The Scourge of The Remakes, and Why It’s Destroying Hollywood’s Creativity


Sylvie Croteau, Staff Writer

In the past five years, Hollywood has run out of steam. Nowadays, it’s Marvel this, HBO that, and the rest of it is all low-quality remakes and sequels that no one has asked for. It’s a sad reality which demonstrates to me, as both a creative mind and a moviegoer, that my idea could be left behind for another Terminator movie. There’s no way to stop it, though, so it’s best we ignore them before we give them enough money to make more.

The biggest issue with the remake blitz is that it’s destroying the creativity of the world’s most favored source of entertainment. For years, Hollywood has been cranking out hits that people adore to this day. While it’s good to honor the classics, taking them by the throat and mangling them is heresy. Take a look at Lion King: a wonderful family classic was grabbed, given a realistic CGI makeover that scared me more than it warmed my heart. It’s examples like these that scare me: we didn’t need another Lion King, we just felt like it. And feeling like it is no basis to have it.

My issue with remakes, however, is the fact that the drain on Hollywood’s creativity means draining aspiring writers and directors’ creativity, too. Rather than go through with a brand-new, interesting concept, big-name studios would rather pick up Fast and Furious, turn it over, and shake it to see what comes out.

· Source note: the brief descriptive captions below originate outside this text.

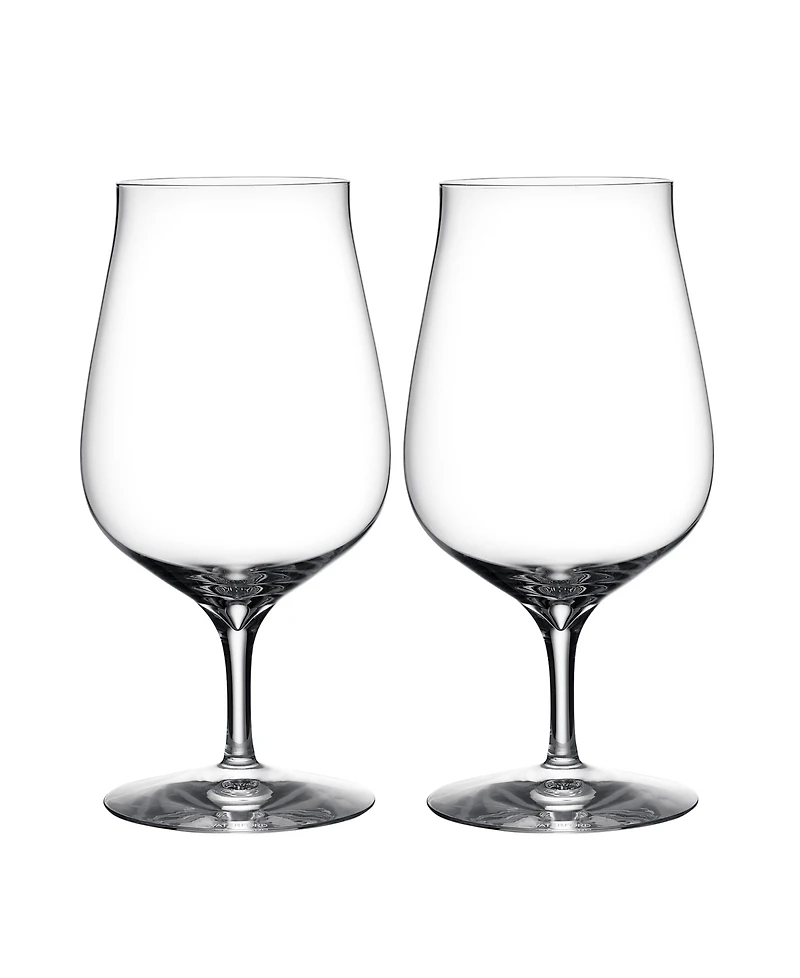 Waterford Craft Brew 2 Piece Hybrid Glass Set, 27 oz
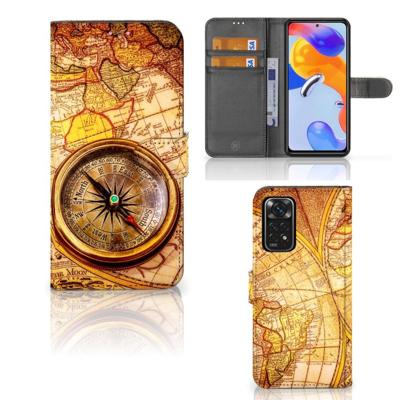 Xiaomi Redmi Note 11 Pro 5G/4G | Flip Cover | Kompas Xiaomi Redmi Note 11 Pro 5G/4G | Flip Cover | Kompas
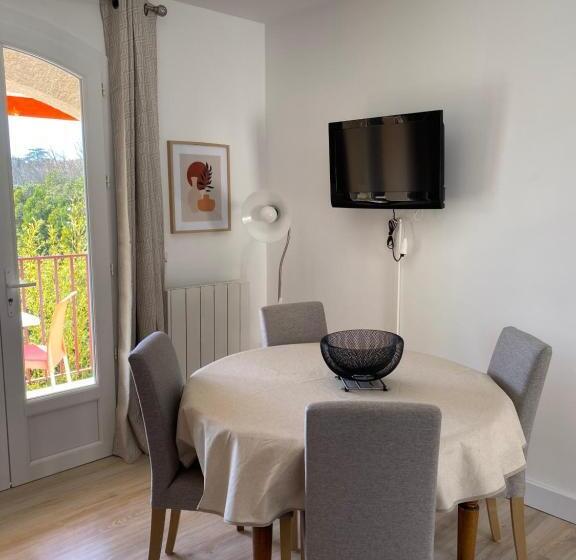 침실 1개 아파트, Le Mas De L Orangerie 3 Etoiles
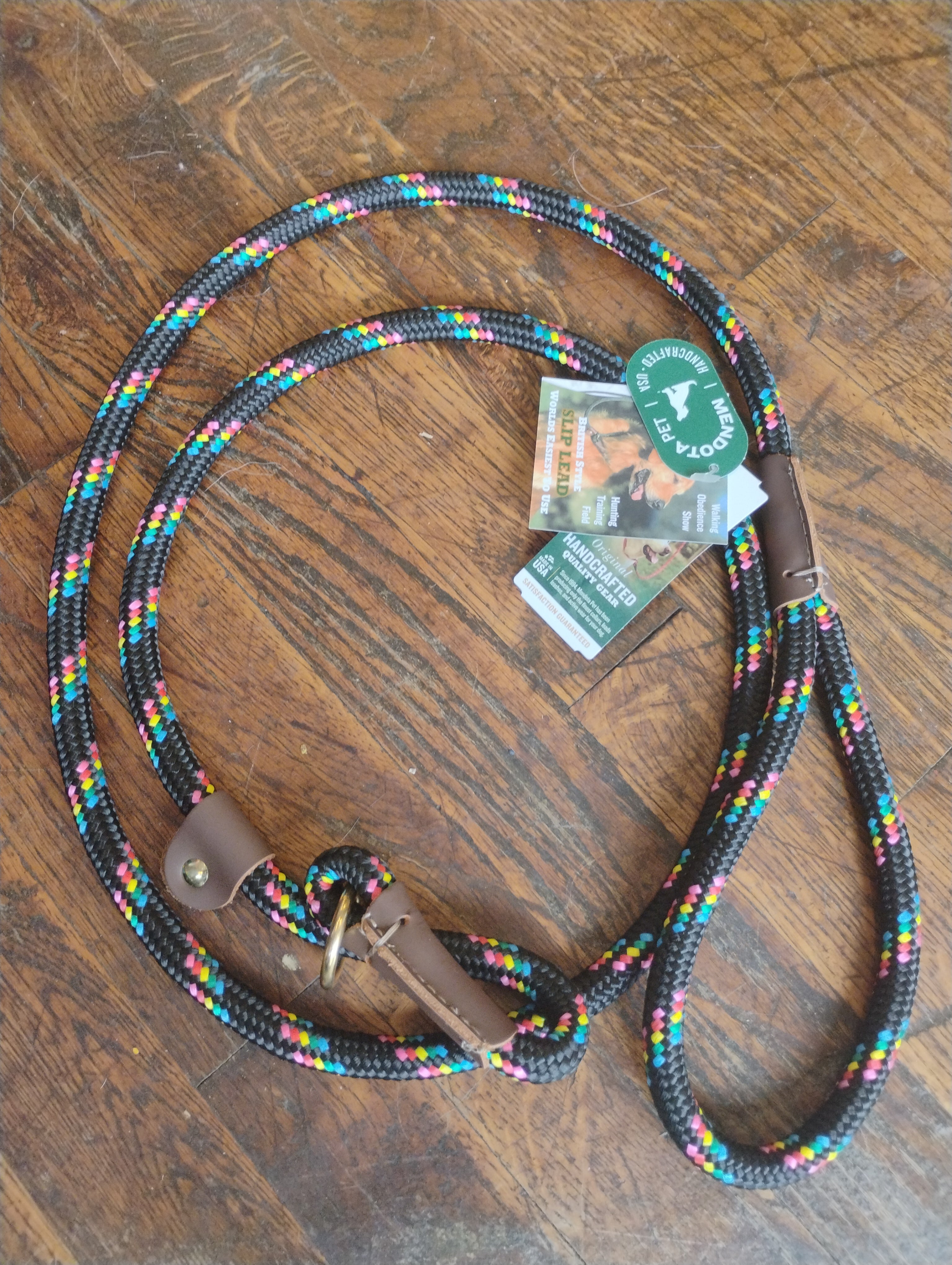 Mendota British-Style Slip Lead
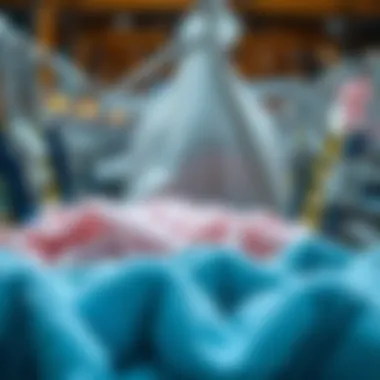 Visual representation of synthetic drying techniques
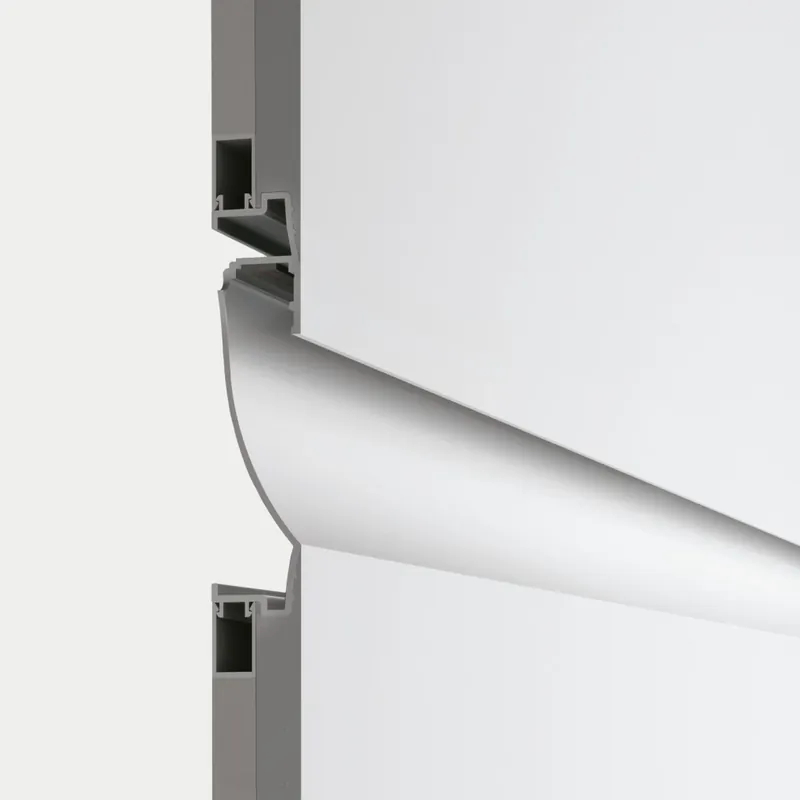 Linea Light Fylo+ Recessed_3, zápustný profil do stěny pro LED pás, délka 200cm Must-Have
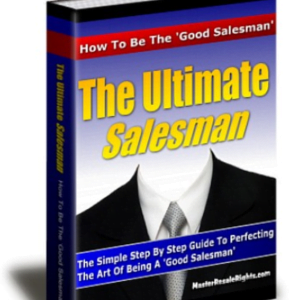 the ultimate salesman - download now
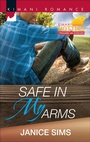 Cover: Safe in My Arms - Harlequin Kimani Romance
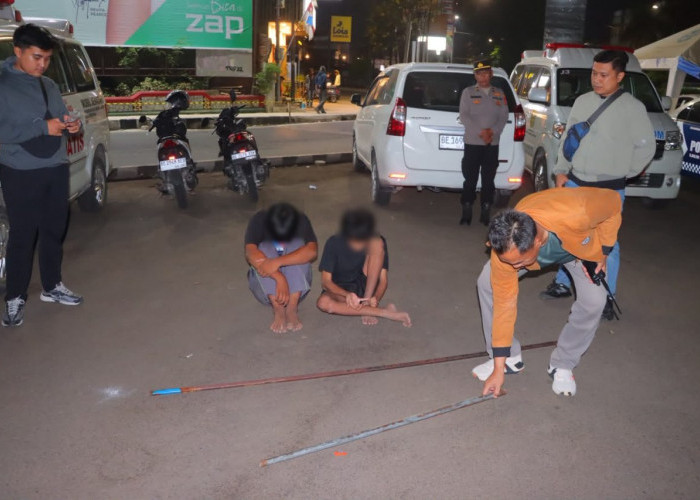 Hendak Tawuran di Bandar Lampung, Dua Remaja Diamankan Polisi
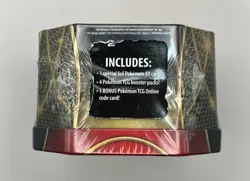 (*403042*) Pokemon 2016 Charizard EX Power Trio Collectors Tin - Factory Sealed - Image 5
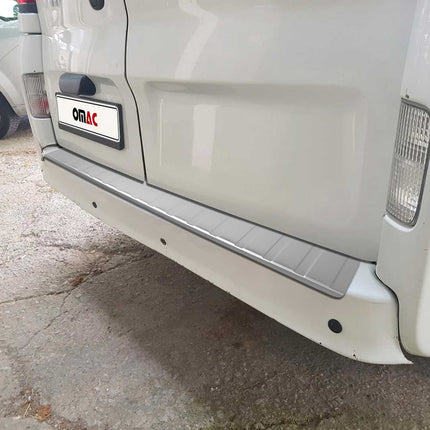 Ladekantenschutz Stoßstange für Opel Vivaro B 2014-19 Edelstahl Chrom gebürstet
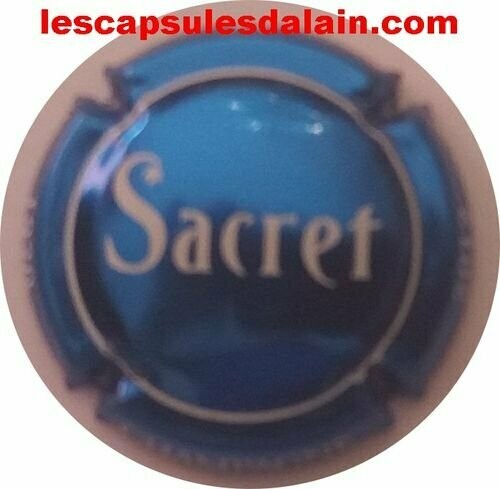 CAPSULE CHAMPAGNE SACRET RÉF N°4 CAPSULE CHAMPAGNE SACRET RÉF N°4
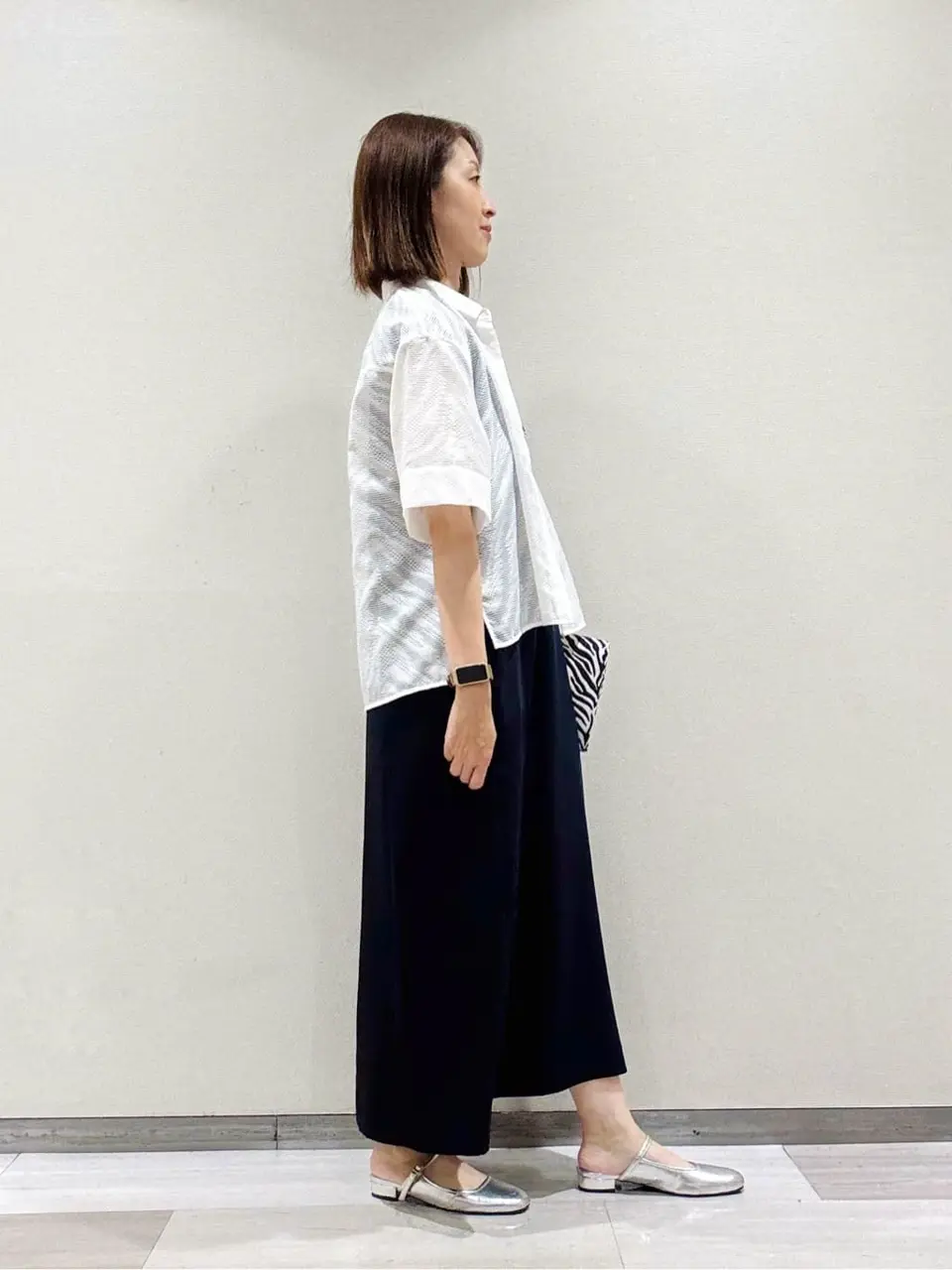 ICB 飯室 コーディネート画像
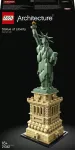 LEGO Architecture Laisvės statula 21042 statybinis rinkinys &mdash; 1685 detalės, detalus Laisvės statulos modelis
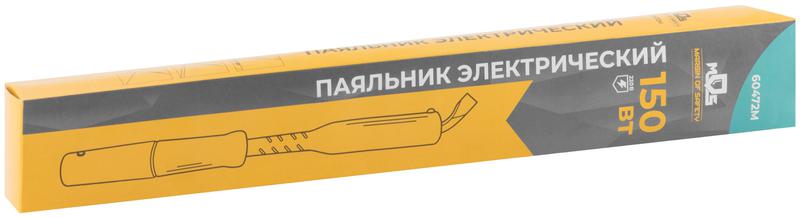  Паяльник 150Вт деревянная ручка MOS 60472М фото в каталоге от BTSprom.by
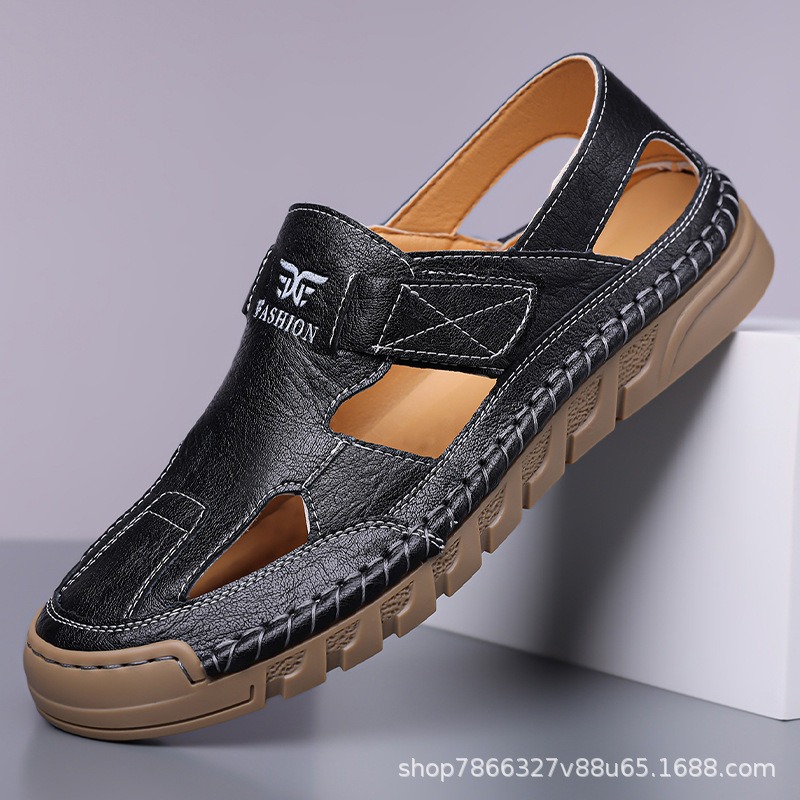 Sandali estivi da uomo in pell - Men'S Fashion Online recensione e prezzo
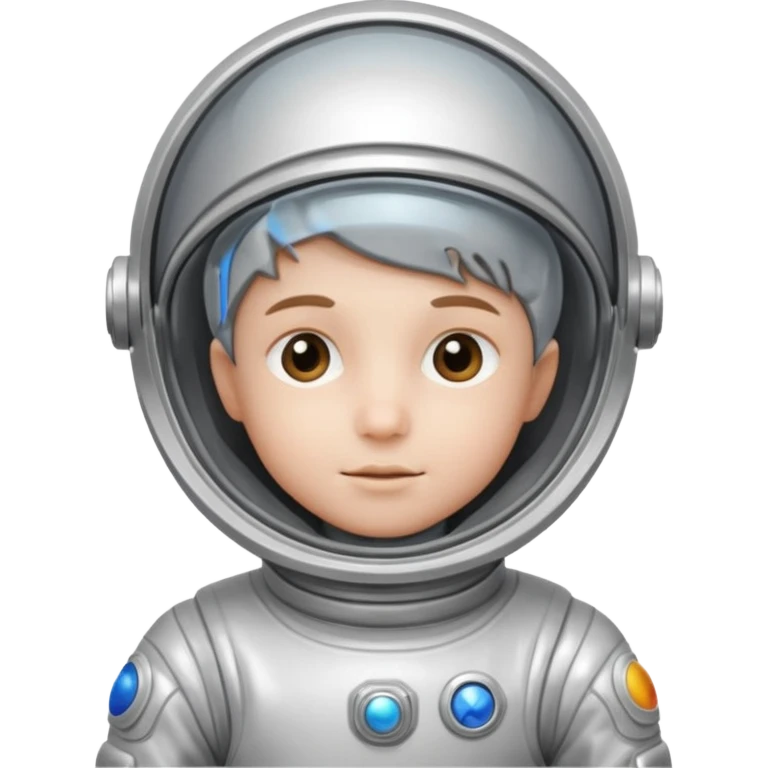 Space Suit Kid emoji
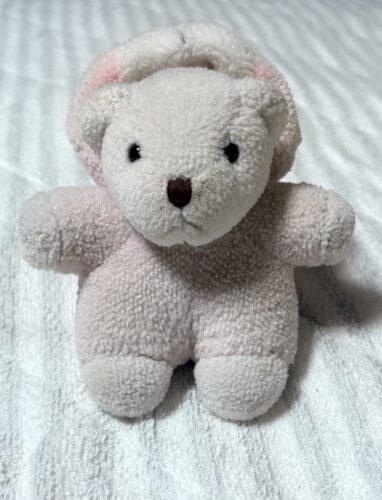 国内メーカー サンレモ 全長約15㎝ クマのぬいぐるみ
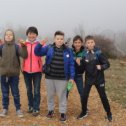 Фотография "С такими    пятиклассниками - богатырями, можно брать следующую высоту ( октябрь 2021 мыс  Куш - Кая Ласпи)"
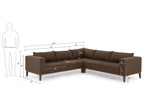 Florida Sectional Sofa 6 Seater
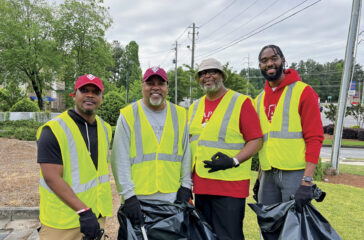 Keep Smyrna Beautiful volunteers
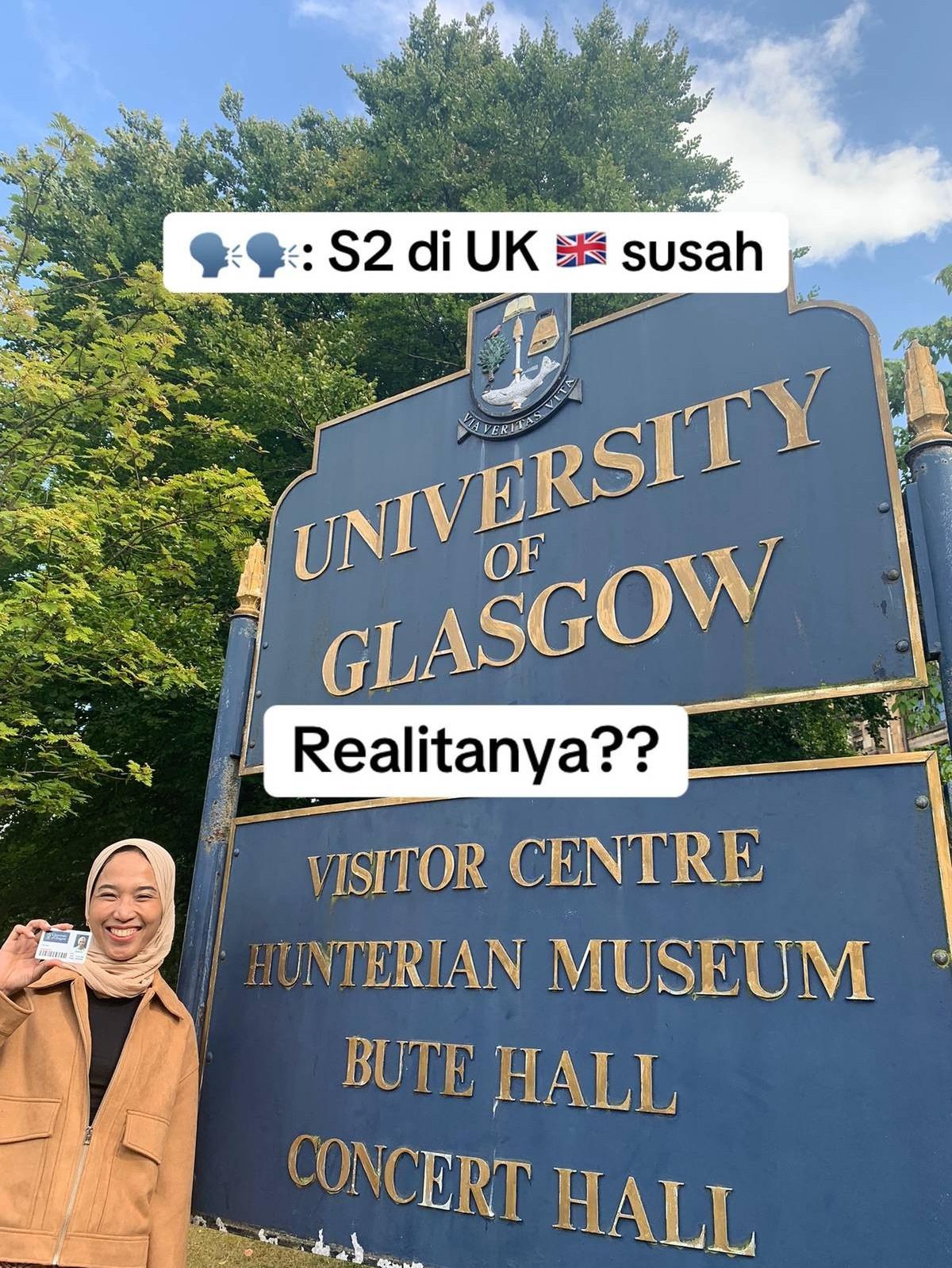 Wanita Ini Bagikan Pengalamannya Masuk S2 di UK yang Inspiratif, Seleksi Essay hingga Kuliah Hanya 1 Tahun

Again, it’s not the fact that we need another remake, its that we feel like it, or rather, the studios feel like it’s going to make more money than the original content. If my idea is going to be rejected by a studio in lieu of a low-quality remake that brings in $2 million in revenue, I wouldn’t bother taking it anywhere. Imagine how many creative and fresh ideas that have already been rejected by mainstream companies, and then imagine how many more will get rejected in the future. It’s clear to see: America’s obsession with the easy remake has destroyed our pretense for innovation.

However fervent I seem, I have to diverge from my argument. Not all remakes are bad – some of them I quite enjoy, and other people seemed to like them well enough. Take 

Blade Runner 2049 as an example. The 2017 remake of the 1982 classic was hailed by critics as a “visually breathtaking”, “riveting”, “fulfilling” successor to the cult favorite. Not to mention, it won two Academy Awards. I enjoyed it immensely, though I went into it oblivious as to what the first movie’s plot was. After I watched the first one, I realized why audiences loved it so much: it’s not just Blade Runner. It isn’t a quickly-made semblance of the 1982 movie, it was a new perspective and a fresh story that gave you new information while also tying the original plot back together again. If other movies can’t do that, I don’t know what to say. There are only so many times Vin Diesel can street race.

I will concur, there are a handful of good remakes out there. But, when you catch wind of a new Rambo movie, it’s inevitable that it’s going to be subpar. The droves of re-ups, prequels, and sequels cobbled together from movies made in bygone eras are a serious drain on American creativity. If studios are going to reject fresh, innovative ideas, then there’s no choice for the new creative mind to leave their stories on paper.